In some school districts, such as D-11 in Colorado Springs, the union assumes membership and takes dues from a teacher’s wages unless the educator jumps through hoops to opt out during a short window of opportunity. The union has never succeeded at getting teachers the wages they deserve, and it typically works against efforts to reward excellence with above-average pay. The only tangible benefit most teachers see for their membership fee is liability insurance to cover lawsuits.
Because of international trade and wondrous new technology, today’s business world is more hyper-competitive than ever. Barriers to entry are low, meaning new companies can challenge older businesses. The older companies must innovate or die. The workforce must be better prepared than ever to compete in markets that guarantee nothing and reward energy, quick thinking and ingenuity. Teachers are trying to respond by creating ever-improving, competitive schools — charter schools and neighborhood schools alike. But the union — stuck in the old world of institutionalized entitlement — gets in the way.
Take, for example, the experience of teachers at Denver’s Bruce Randolph Middle School. Principal Kristin Waters and her heroic staff lifted the school in recent years from among the worst in Colorado to one of the best, using what the Rocky Mountain News called “out-of-the-box strategies,” such as refusing to promote students with failing grades.
Realizing the union resisted most innovative measures, Waters and her staff sought to free the school from union rules that were holding it back. For example, they wanted the freedom to determine how much time children should spend in school each day. But the union — supposedly dedicated to the interests of education — balked. Union leaders wanted to maintain control over a variety of everyday decisions at the school, including hiring practices, thus impeding progress.
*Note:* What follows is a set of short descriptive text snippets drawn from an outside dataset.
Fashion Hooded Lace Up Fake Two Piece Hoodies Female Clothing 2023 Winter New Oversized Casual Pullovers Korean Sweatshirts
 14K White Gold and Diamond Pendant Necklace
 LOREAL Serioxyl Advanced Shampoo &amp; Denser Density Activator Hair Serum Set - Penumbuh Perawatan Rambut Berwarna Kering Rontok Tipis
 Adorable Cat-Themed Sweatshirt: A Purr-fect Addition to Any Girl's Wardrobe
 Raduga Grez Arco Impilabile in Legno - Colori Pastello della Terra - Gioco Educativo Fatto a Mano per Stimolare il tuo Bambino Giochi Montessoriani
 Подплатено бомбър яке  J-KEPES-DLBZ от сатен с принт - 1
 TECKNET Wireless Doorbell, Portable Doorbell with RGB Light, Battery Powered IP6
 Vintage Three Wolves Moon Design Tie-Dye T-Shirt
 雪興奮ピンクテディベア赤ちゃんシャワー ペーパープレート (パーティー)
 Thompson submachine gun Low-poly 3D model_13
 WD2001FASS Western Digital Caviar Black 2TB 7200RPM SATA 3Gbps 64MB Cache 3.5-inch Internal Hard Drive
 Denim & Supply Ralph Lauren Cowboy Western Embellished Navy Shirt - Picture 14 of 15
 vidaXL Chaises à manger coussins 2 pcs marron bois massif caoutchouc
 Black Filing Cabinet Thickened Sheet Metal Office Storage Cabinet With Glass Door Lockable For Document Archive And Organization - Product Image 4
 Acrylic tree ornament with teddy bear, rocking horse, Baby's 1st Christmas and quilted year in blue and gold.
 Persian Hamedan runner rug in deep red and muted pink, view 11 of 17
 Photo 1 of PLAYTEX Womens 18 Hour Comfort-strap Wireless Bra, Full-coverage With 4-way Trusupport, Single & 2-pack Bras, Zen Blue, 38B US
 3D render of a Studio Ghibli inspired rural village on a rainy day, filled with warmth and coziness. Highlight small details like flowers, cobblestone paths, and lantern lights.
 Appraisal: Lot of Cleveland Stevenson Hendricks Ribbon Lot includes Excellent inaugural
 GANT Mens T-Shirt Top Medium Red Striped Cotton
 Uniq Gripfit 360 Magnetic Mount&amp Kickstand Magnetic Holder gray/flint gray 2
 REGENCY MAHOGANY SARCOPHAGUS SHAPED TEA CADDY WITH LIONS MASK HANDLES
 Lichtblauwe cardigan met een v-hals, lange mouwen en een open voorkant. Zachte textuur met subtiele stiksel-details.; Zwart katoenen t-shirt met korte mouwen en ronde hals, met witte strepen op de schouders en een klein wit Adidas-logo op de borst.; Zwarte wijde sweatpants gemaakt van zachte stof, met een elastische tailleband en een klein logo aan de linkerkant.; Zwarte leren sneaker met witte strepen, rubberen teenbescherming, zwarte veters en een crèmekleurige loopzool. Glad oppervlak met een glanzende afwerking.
In addition to maintaining educational mediocrity, the NEA and its affiliates have used the hard-earned money of teachers to fund a variety of endeavors unrelated to education. A report by the U.S. Department of Labor showed the NEA funding Jesse Jackson’s Rainbow PUSH Coalition, People for the American Way, and the Gay and Lesbian Alliance Against Defamation, among an array of other noneducation-related causes.
While thousands of teachers struggle to make ends meet, more than half the NEA’s 600-plus employees and officers earn salaries of six figures and up — wages paid by teachers who typically earn far less than half that much for more important work.
The American Association of Educators, by contrast, is designed for today’s more competitive, progressive schools. It offers teachers twice the liability coverage of the NEA policies, with fees that are less than a third of the union dues. Teachers can pay as they go, and may opt in or out any time. Money collected in excess of the cost of liability coverage pays for continuing education courses offered through major universities — open to members and nonmembers alike. None of the money goes to fund activism or political lobbyists.
Colorado teachers have been choosing the Association of American Educators over the union in such numbers that the organization opened its own Colorado chapter last year, known as PACE — the Professional Association of Colorado Educators (www.coloradoteachers.org). Still, few teachers know about it. That’s because local NEA chapters have worked hard to prevent PACE representatives from distributing literature in schools or setting up tables at teacher orientation functions and benefit fairs. At one school in the Harrison School District of Colorado Springs, CEA representatives physically blocked a hallway to prevent teachers from reaching the PACE table.
The NEA is yesterday’s union, with no place in the cutting edge classroom. To usher in a new era, introduce teachers to the Association of American Educators and its local branch, PACE — a non-coercive association designed around modern educational needs. Young minds are too important for an outdated union to waste.